In New Zealand, one doesn’t think of earthquakes but they are always possible. I slept through one on Bali, which killed several people
New Zealand has plenty of dangerous activities including tramping, helicopters, ice climbing, climbing Mount Cook and the volcanic areas around National Park, Rotorua and White Island.
My article on the Tongariro Crossing outlines some of these around National Park. Mount Ruapehu, Ngauruhoe and Tongariro aren’t necessarily benign.
In the article I say:
The park’s three volcanoes Tongariro, Ngauruhoe and Ruapehu — all active — are the southern end of a 2500 km long range of volcanoes. The northern end of this volcanically active zone within New Zealand, which passes through Taupo and Rotorua, is White Island in the sea off the Bay of Plenty. All three are magic places to visit and within a few hours drive of Tongariro.
The cause of this volcanic activity in New Zealand is where the Pacific Tectonic Plate is subducted under the Australian Plate.
The Ketahi Hut towards the end of the Tongariro Crossing walk is no longer permitted as an overnight stop because a boulder ejected from the small Te Maari craters crashed through the roof of the hut. It would have killed anyone in the bed, but the bed was empty. More dangerous is the lahar zone at the end of the walk. You are told to not to linger and if you hear a loud noise to run like hell. This might be difficult because the zone is 2 km long and you are usually quite tired when you reach it.

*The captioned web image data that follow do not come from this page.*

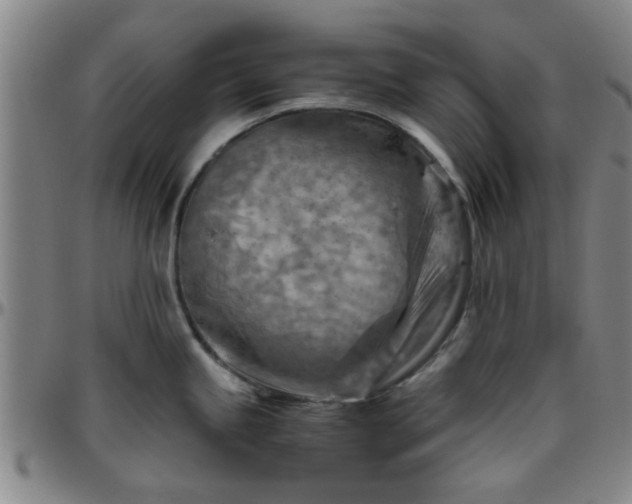 X0000096441245200801311422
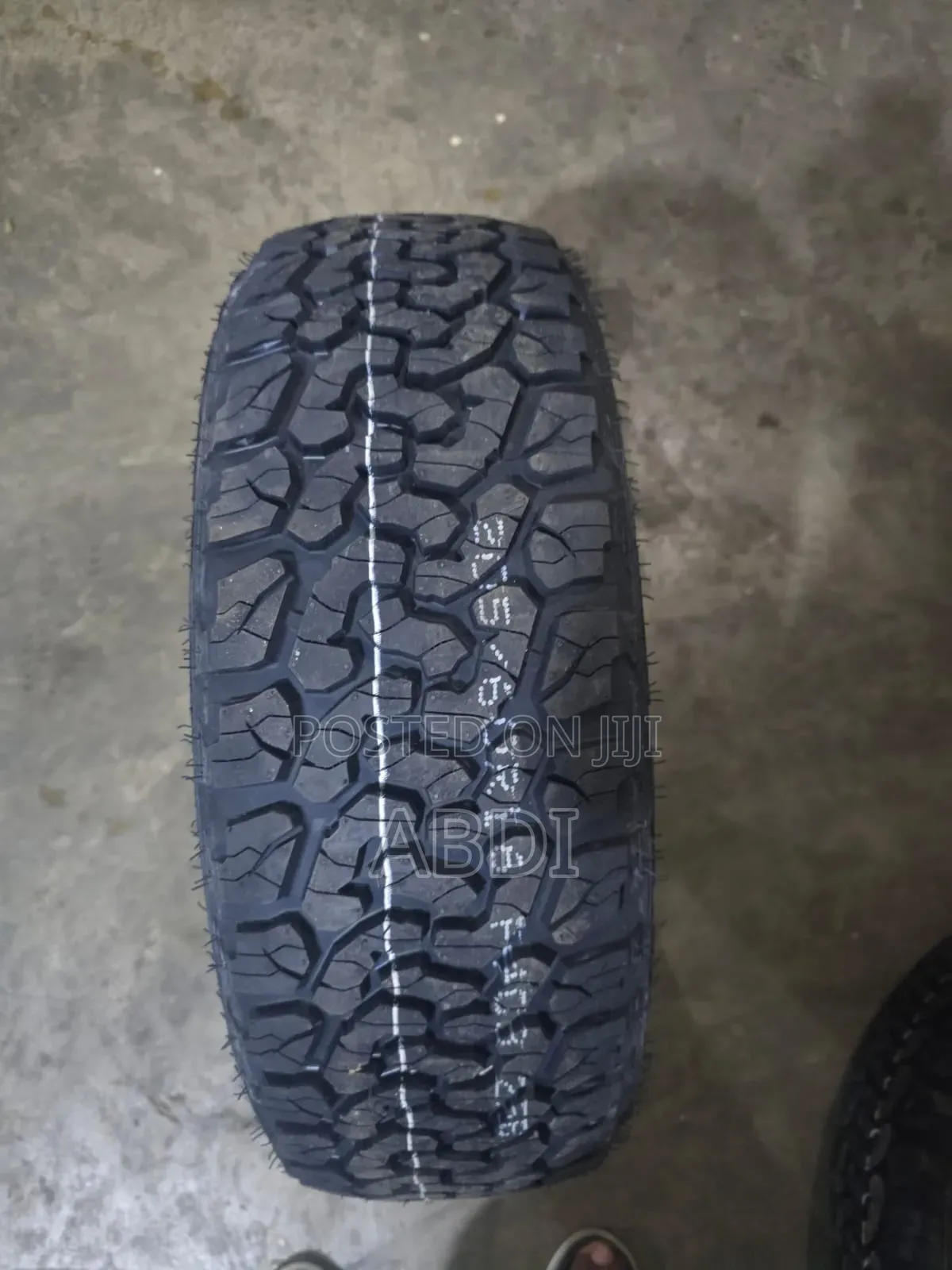 205/60r16 Evalanda a/T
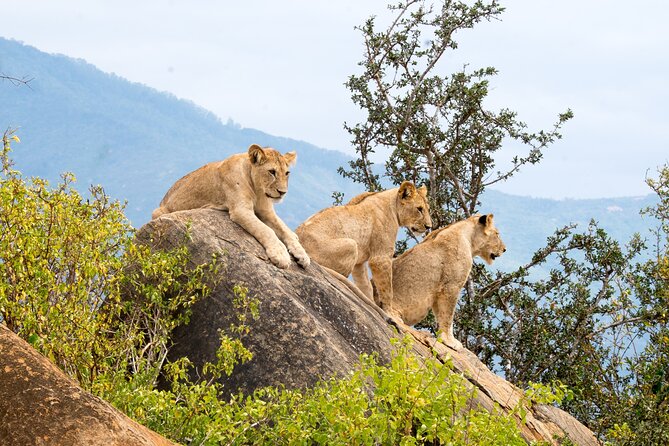 4 Days Tanzania Group Joining Safari with Mid-range Accommodation - How the 4-day Arusha group safari actually runs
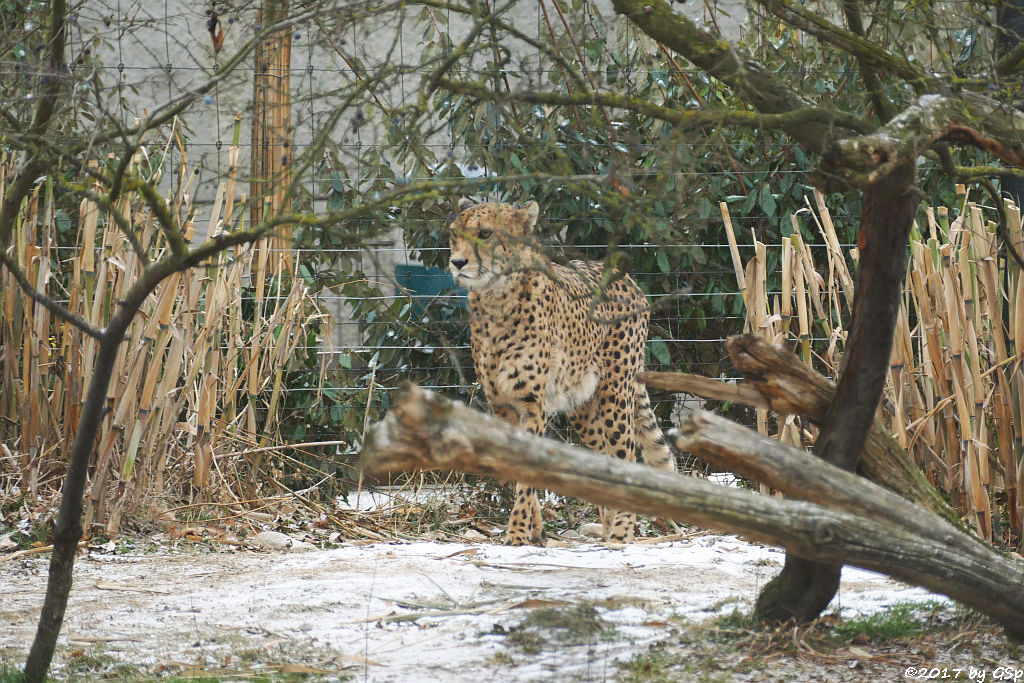 Südafrikanischer Gepard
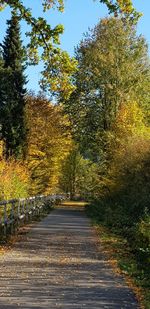 Road amidst trees against sky during autumn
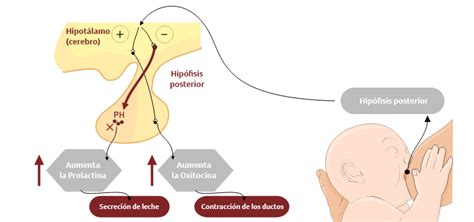 Gráfico que ilustra el ciclo de producción de leche materna, destacando la influencia de la succión del bebé y las hormonas prolactina y oxitocina.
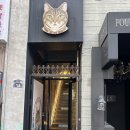 야옹아놀자캣카페 - 연수구 샘말로8번길 7-7 | 아이들이 고양이보다 더 신난 날, [야옹아놀자캣카페 동성로점]에 다녀왔어요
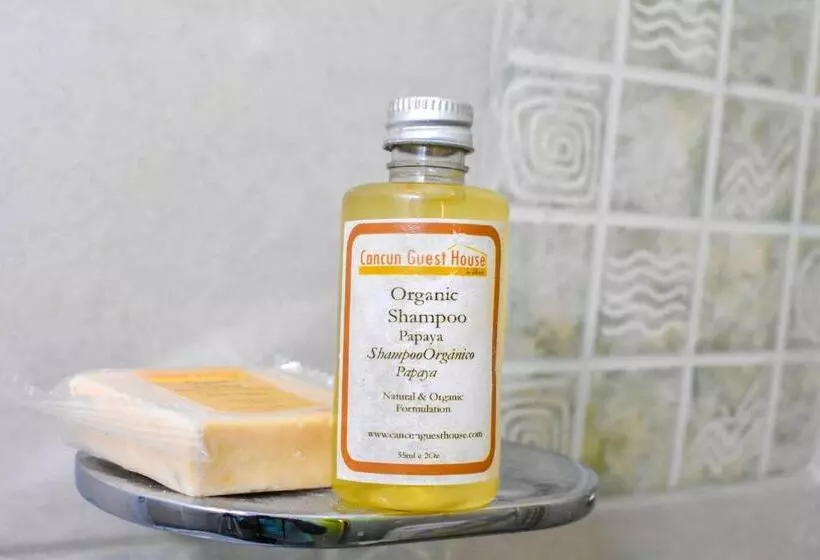 پانسیون Cancun Guest House 5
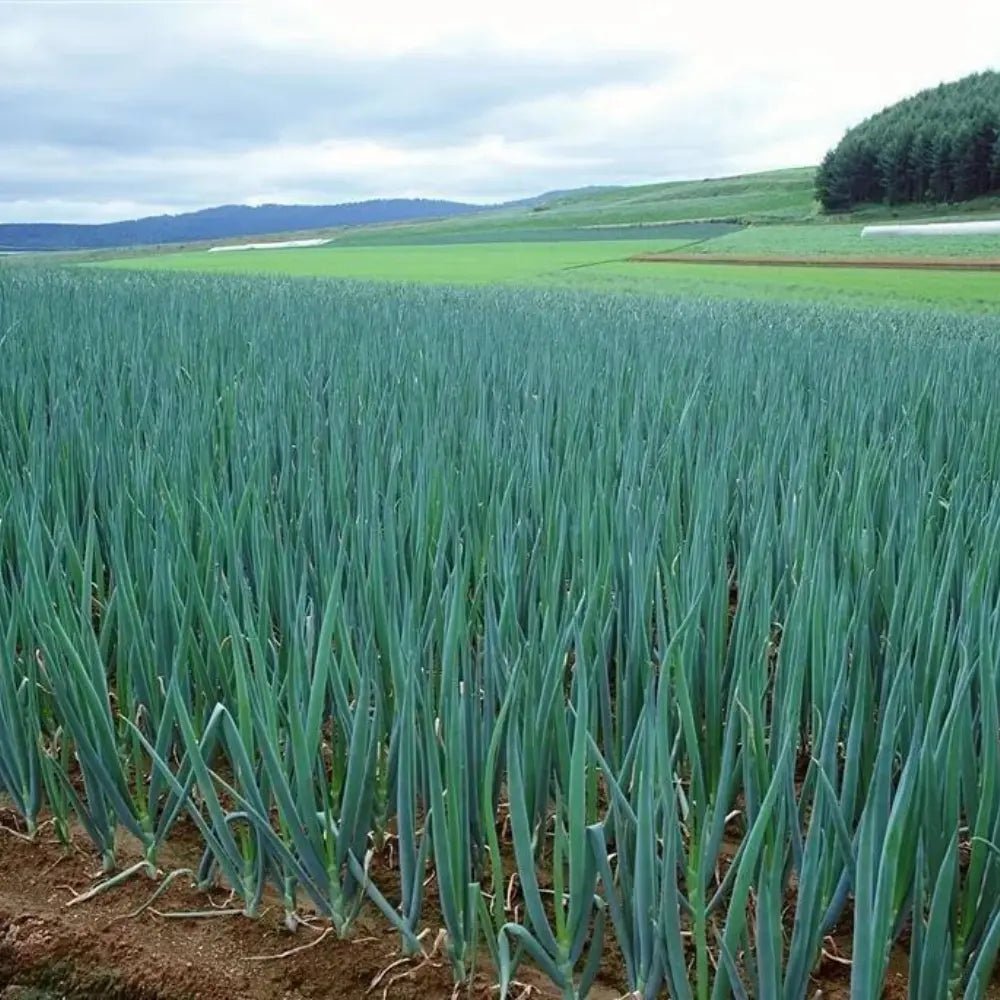 Small Scallion Seeds - Verdseeds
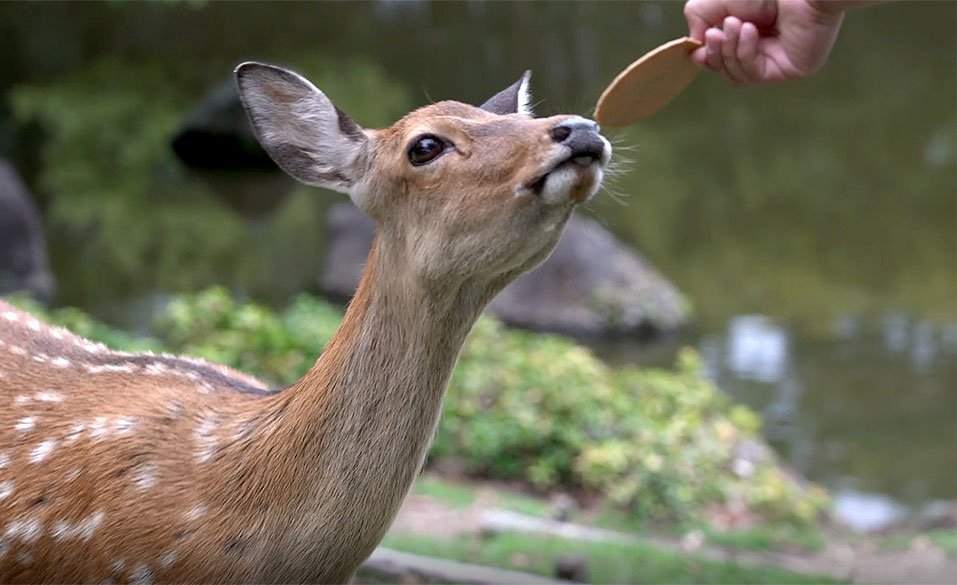 奈良公園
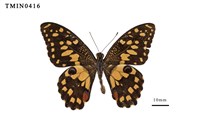 藏品(花鳳蝶)的圖片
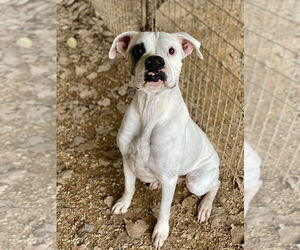 Boxer Dogs for adoption in Austin, TX, USA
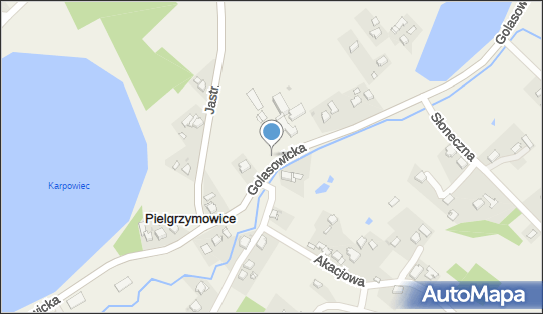 nr W559, Golasowicka, Pielgrzymowice 43-253 - Trafostacja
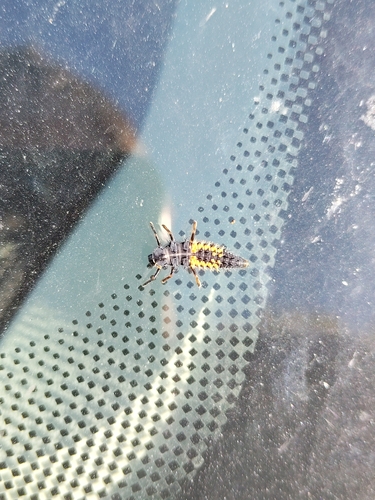 Asian Lady Beetle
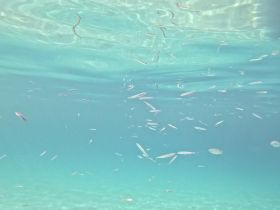 A serene underwater scene showcasing a school of fish swimming in crystal-clear waters, perfect for snorkeling enthusiasts and marine life lovers.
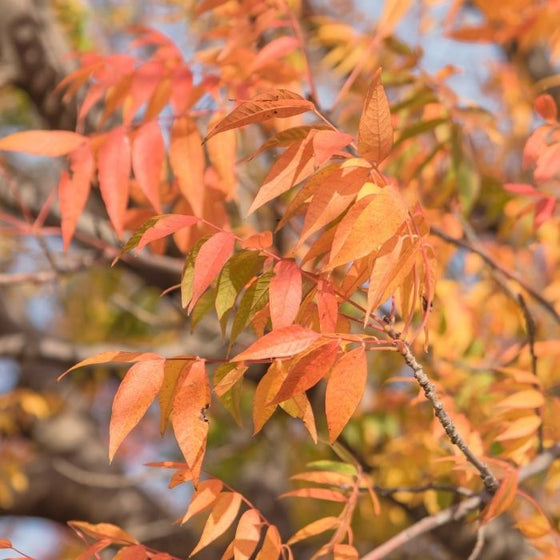 Close-up of the three fall colors of the Chinese Pistache Trees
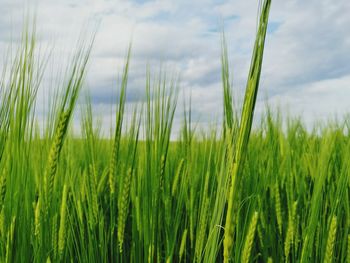 Close-up of crop in field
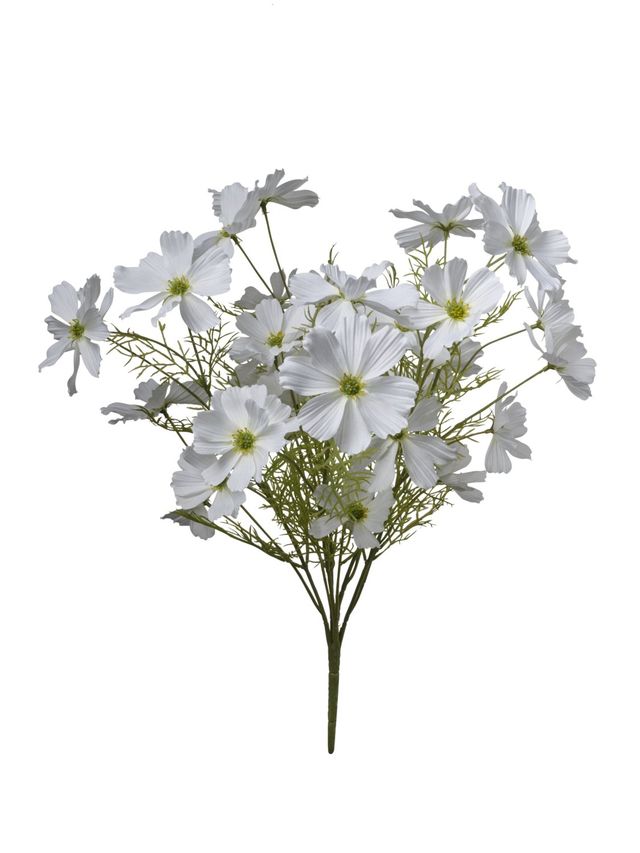 Cosmos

On the ski area of Mount Ruapehu, surveys show that less than half of the skiers are aware of lahars. If the alarm goes off when you are skiing, you are meant to run uphill as fast as you can. One hopes that if half the skiers are running for their lives, the rest might follow.
I said in the article:
Lahars are another problem on Mount Ruapehu and also Tongariro. A lahar is a mudflow or debris flow (ash and rock) mixed with water and caused by volcanic activity. Lahars have been recorded on Mount Ruapehu since 1861, important ones were 1953, 1968, 1969, 1975, 1995 and 2007. The 1953 lahar damaged a bridge on the main Auckland to Wellington railway a short time before a train was due. The train derailed and 151 lives were lost.
The White Island Eruption
On 9 December 2019 at 14.20 White Island erupted. There were 47 people on the island at the time. Twenty-one people were killed and a further twenty-five were seriously injured, many critically.